At the evidentiary hearing [on the motion in limine], the State announced its intentions to authenticate the text messages by the content of the exchange. The State argued that only the alleged shooter would be inquiring into [Zachary’s] whereabouts in the hours preceding the shooting, and that a jury could reasonably infer from the messages themselves that the alleged shooter was speaking of Watkins and Brady when he told [Zachary] to `kum rob dub’ and `get em and stay wit him.’
State v. Zachary, supra. (In a footnote, the judge points out that at the evidentiary hearing on the motion in limine, "counsel informed the Court that the payment records that the State could have used to determine the identity of the prepaid phone user were no longer available from the provider." State v. Zachary, supra.)

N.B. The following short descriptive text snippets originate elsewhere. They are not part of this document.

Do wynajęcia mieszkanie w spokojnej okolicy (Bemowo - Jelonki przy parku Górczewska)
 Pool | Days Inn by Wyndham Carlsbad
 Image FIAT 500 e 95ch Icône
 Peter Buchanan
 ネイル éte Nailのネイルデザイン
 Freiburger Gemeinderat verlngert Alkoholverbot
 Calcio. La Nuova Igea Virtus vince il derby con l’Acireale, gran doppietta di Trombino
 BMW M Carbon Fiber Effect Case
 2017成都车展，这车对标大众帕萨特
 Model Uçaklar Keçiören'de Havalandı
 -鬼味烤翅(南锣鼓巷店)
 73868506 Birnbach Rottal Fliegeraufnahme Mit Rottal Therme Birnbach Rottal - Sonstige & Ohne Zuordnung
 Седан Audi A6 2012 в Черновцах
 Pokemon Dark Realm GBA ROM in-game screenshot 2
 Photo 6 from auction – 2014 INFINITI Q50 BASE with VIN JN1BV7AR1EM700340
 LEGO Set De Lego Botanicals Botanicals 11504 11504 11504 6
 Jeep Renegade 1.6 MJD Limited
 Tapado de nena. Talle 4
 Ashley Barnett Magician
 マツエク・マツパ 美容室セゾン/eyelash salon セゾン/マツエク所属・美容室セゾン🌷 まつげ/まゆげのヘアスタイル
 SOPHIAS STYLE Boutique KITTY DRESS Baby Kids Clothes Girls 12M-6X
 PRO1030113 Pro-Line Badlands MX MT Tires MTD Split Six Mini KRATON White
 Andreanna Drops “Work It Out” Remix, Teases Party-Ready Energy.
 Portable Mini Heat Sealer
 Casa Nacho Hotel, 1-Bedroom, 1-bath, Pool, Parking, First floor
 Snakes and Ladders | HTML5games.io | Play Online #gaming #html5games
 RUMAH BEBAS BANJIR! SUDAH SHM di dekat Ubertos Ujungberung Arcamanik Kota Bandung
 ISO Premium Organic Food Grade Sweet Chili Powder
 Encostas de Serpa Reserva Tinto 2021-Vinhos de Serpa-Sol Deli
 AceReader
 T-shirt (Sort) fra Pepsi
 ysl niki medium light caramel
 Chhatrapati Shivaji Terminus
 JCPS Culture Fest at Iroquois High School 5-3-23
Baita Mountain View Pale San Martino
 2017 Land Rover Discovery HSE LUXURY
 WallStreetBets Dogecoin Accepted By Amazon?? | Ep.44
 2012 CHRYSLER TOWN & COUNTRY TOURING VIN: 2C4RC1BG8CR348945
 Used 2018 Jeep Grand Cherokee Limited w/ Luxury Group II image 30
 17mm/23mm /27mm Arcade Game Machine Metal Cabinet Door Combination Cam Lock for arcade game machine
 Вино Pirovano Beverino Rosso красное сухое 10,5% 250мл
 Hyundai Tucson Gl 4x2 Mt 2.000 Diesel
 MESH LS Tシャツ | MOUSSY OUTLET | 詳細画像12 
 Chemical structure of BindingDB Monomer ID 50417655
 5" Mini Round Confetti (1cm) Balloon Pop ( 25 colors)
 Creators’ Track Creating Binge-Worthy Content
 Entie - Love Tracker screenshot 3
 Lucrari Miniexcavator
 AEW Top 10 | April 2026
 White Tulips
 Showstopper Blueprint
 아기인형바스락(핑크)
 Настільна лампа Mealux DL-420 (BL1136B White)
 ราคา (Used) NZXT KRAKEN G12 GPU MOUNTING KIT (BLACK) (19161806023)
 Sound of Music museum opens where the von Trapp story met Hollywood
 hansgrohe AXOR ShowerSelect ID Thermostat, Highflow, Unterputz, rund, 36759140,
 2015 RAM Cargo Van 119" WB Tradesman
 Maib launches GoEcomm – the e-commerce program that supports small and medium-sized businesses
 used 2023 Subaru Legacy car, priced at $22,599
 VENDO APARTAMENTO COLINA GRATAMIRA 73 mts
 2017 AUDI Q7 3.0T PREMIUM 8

The judge did not buy the prosecution’s argument, explaining that the content of
this conversation is somewhat cryptic. It's equally plausible to infer that [Zachary] was merely discussing his gambling activities with an unknown individual in this exchange.
There are no contextual clues in the text messages themselves that tend to corroborate that the alleged shooter authored the incoming text messages. In other cases in which a message has been held to be authenticated by its content, the identifying characteristics have been much more distinctive of the purported author and often have been corroborated by other events or with forensic computer evidence.
Without additional evidence from which the jury could infer that the alleged shooter authored the incoming messages, the State cannot authenticate the 202 messages. Without proper authentication, this text message exchange is simply not relevant to this case; as it does not have the tendency `to make the existence of any fact that is of consequence to the determination of the action more or less probable’ than it would be without it. D.R.E. 401. Because the State cannot satisfy the requirements of D.R.E. 901, I need not reach the additional bases for exclusion argued by [Zachary].
State v. Zachary, supra.
The judge therefore granted Zachary’s motion in limine. State v. Zachary, supra.